**Task to complete**
Wherever a picture appears in the data below, omit it, and restate everything else word for word.

**Exercise data**
□ □ □

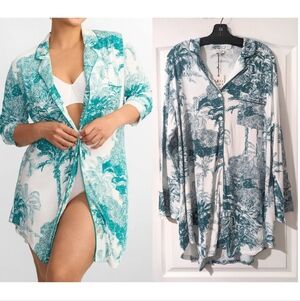 Kilo Brava | Bamboo Modal Sleep Shirt In Palm Toile Print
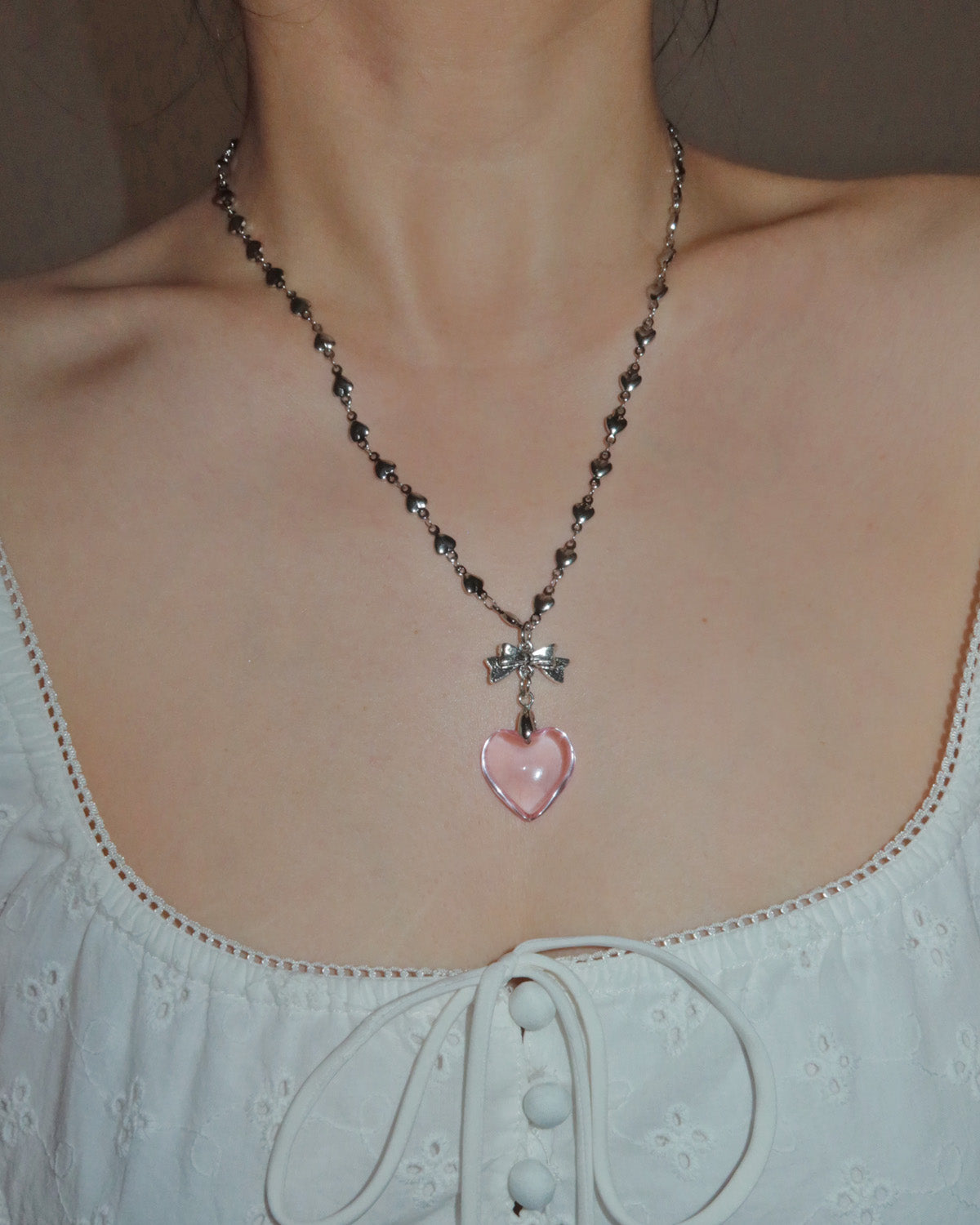 Ingrid Pink Heart Bow Pendant Silver Necklace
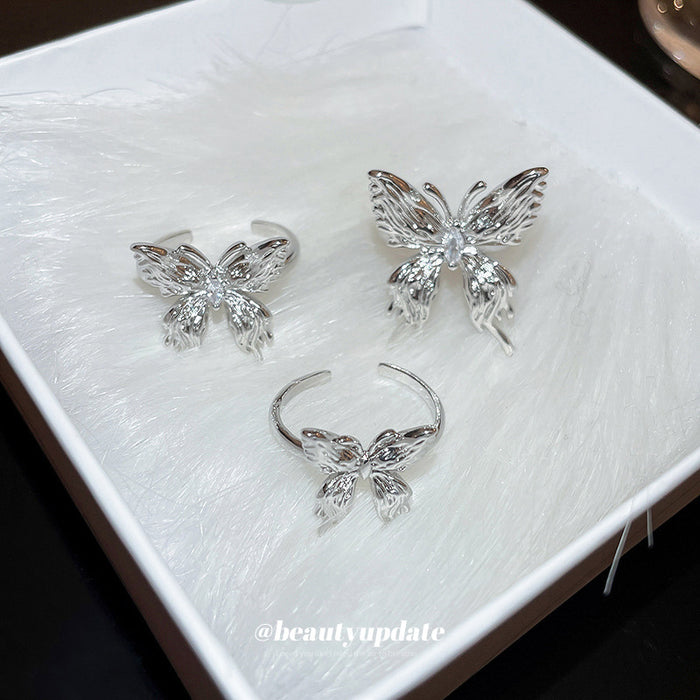 Wholesale Copper Zircon Irregular Fold Butterfly Open Ring JDC-RS-BaoJ005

□ □ □

**Solved exercise**
 Kilo Brava | Bamboo Modal Sleep Shirt In Palm Toile Print
 Ingrid Pink Heart Bow Pendant Silver Necklace
 Wholesale Copper Zircon Irregular Fold Butterfly Open Ring JDC-RS-BaoJ005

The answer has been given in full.